6.882 Embodied Intelligence, Spring 2020

Assignment #6

Provide a short discussion of each of the assigned papers (listed under Course Materials). Below are some questions to think about (you don't have to answer all of them, the general question may be the most interesting):

Large Scale Unsupervised Learning

This paper suggests that compressed representations are meaningful representations -- they align with English words, like "cat". Why do you think this is? Can you imagine a universe in which this would not be the case?
The paper mentions that previous methods involved "a certain degree of supervision" since training images were "aligned, homogeneous and belong to one selected category." Is this a substantial limiation? Does the current paper get around it?
Fig 3 shows two visualizations of what a trained neuron responds to. What are the advantages and disadvantages of each approach. Can you think of a scenario where one or the other would lead to a misleading visualization?
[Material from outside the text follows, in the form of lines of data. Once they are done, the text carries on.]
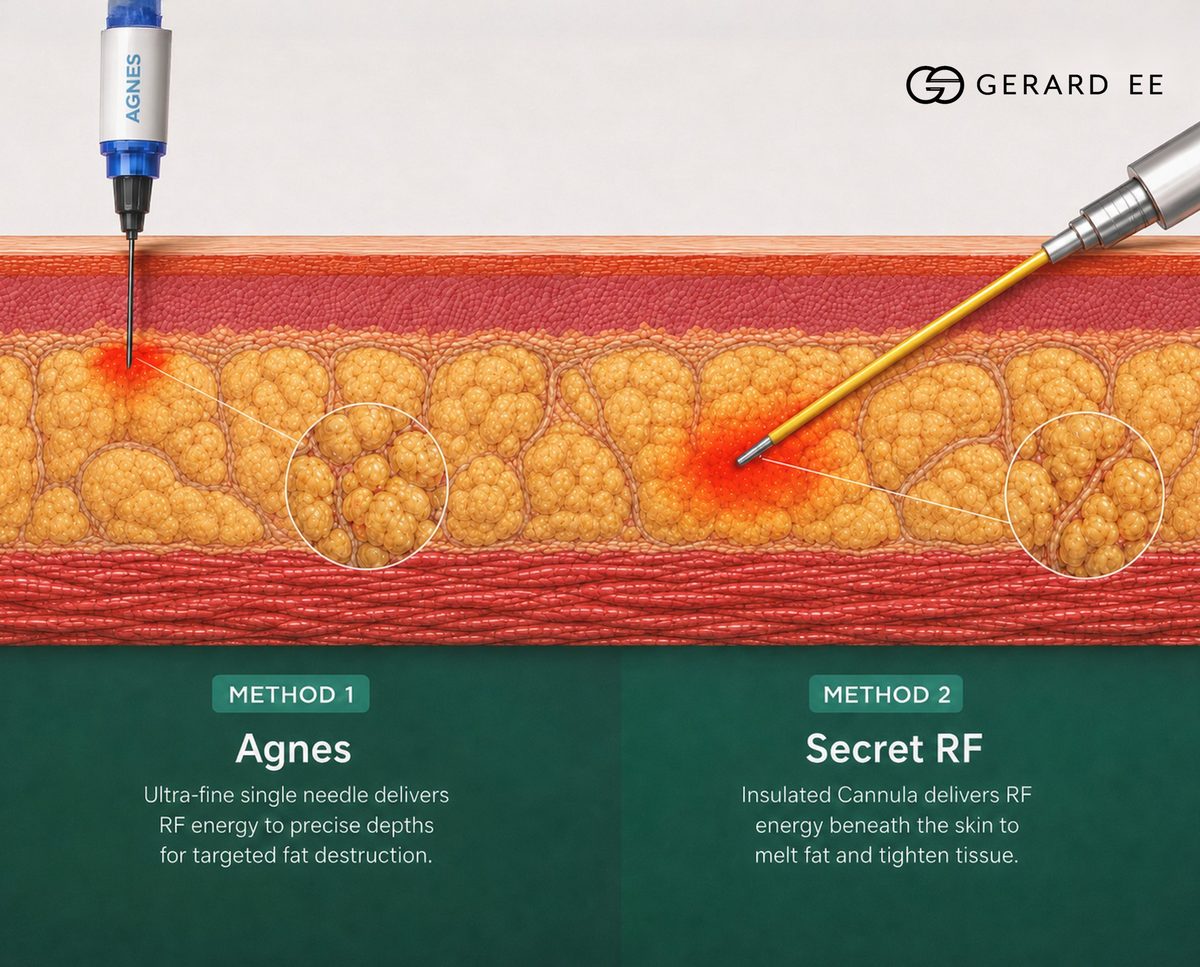 How non-surgical eye bag removal treats both the herniated fat pad and the lax skin above it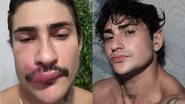 influenciador com o rosto inchado devido a infecção na espinha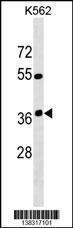 Anti-OR12D3 Rabbit Polyclonal Antibody (HRP (Horseradish Peroxidase))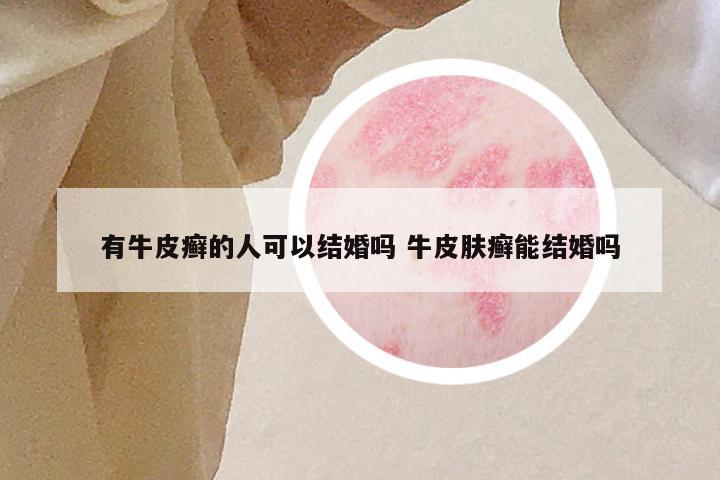 有牛皮癣的人可以结婚吗 牛皮肤癣能结婚吗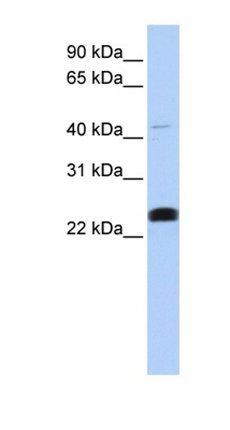 LCLAT1 antibody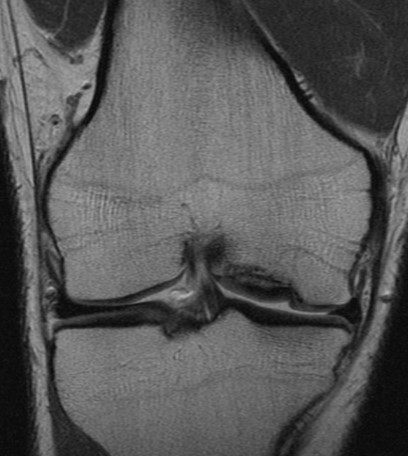 MRI T1 knee - medial femoral condyle Grade 2 osteochondritis dissecans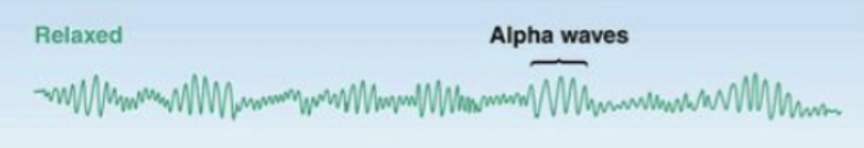 <p>what state of wakefullness/ sleep does this EEG depict?</p>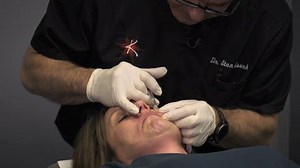 Adding Lip Volume and Smoothing Lines with Volbella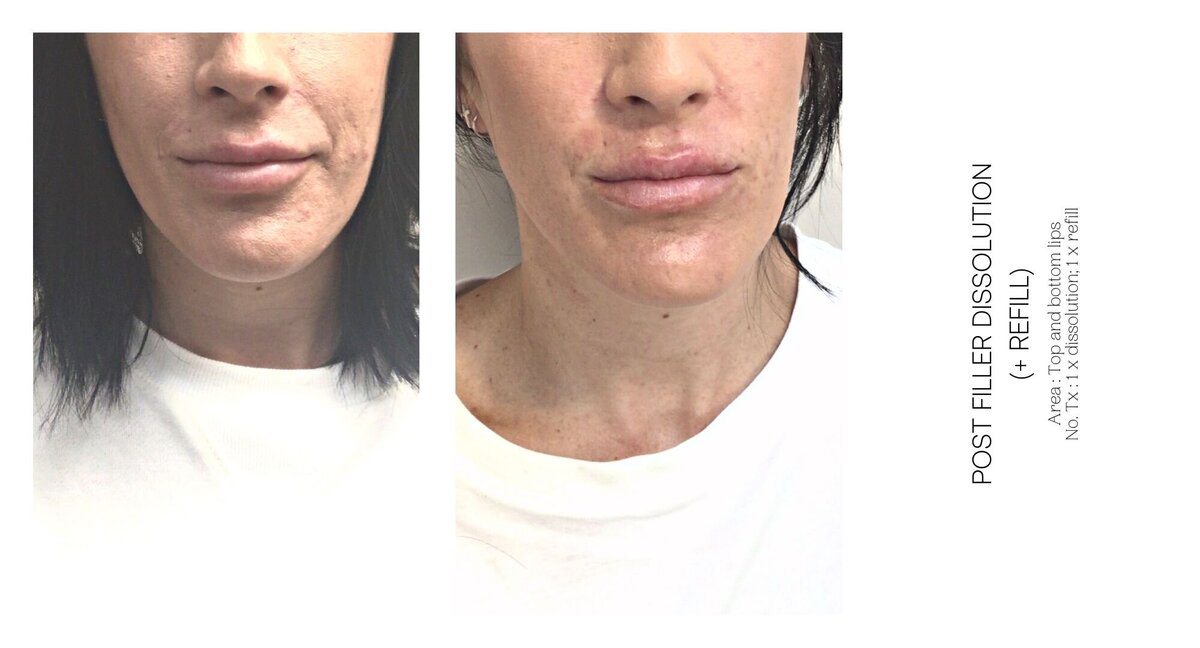 Filler Dissolve Before and After 1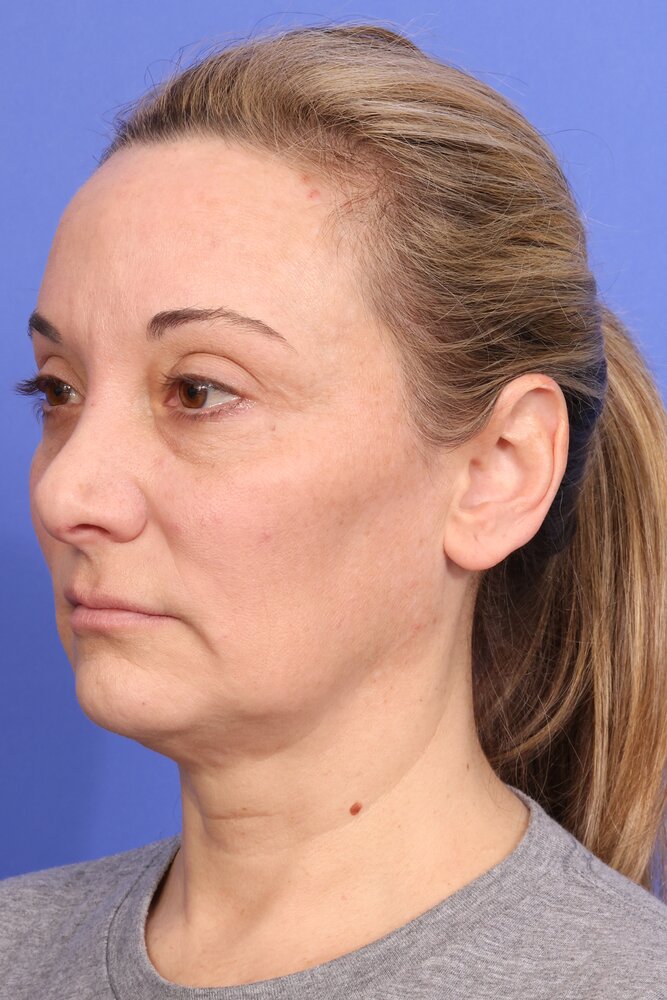 Face Lift Before & After Image
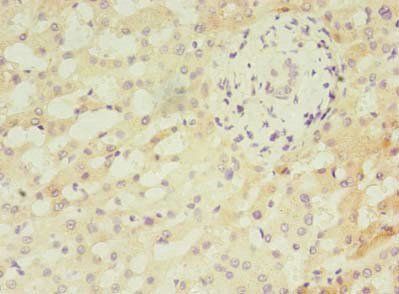 ANKMY2 Antibody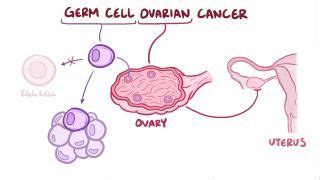 Teratoma: What Is It, Signs, Symptoms, and More | Osmosis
Contrastive Predictive Coding

CPC's objective is to learn a representation of the present that is maximally informative about the future. The raw pixels themselves are one such representation (by the data processing inequality, they are maximally informative). Why does CPC learn a better representation than just using the raw pixels?
Suppose we apply CPC to video frames. In that case, CPC would learn to classify between the real future frame, x_{t+k}, and a mismatched future frame, x_{j}, where x_{j} is sampled from a different video than x_{t}. What do you think will happen if each video in our dataset has a uniquely colored border around each of its frames? What features will be learned?

General questions

This week we have seen various approaches to perceptual representation, which looked at different kinds of supervision and inductive biases that can induce good representations. Compare and contrast these approaches. In each one, how much knowledge is baked in and how much is emergent?

Do you think these kinds of methods, scaled way up, will result in representations similar to the mental representations in our brains? If not, what's missing?

Upload a single PDF file through Stellar by Feb 27 at 10 am.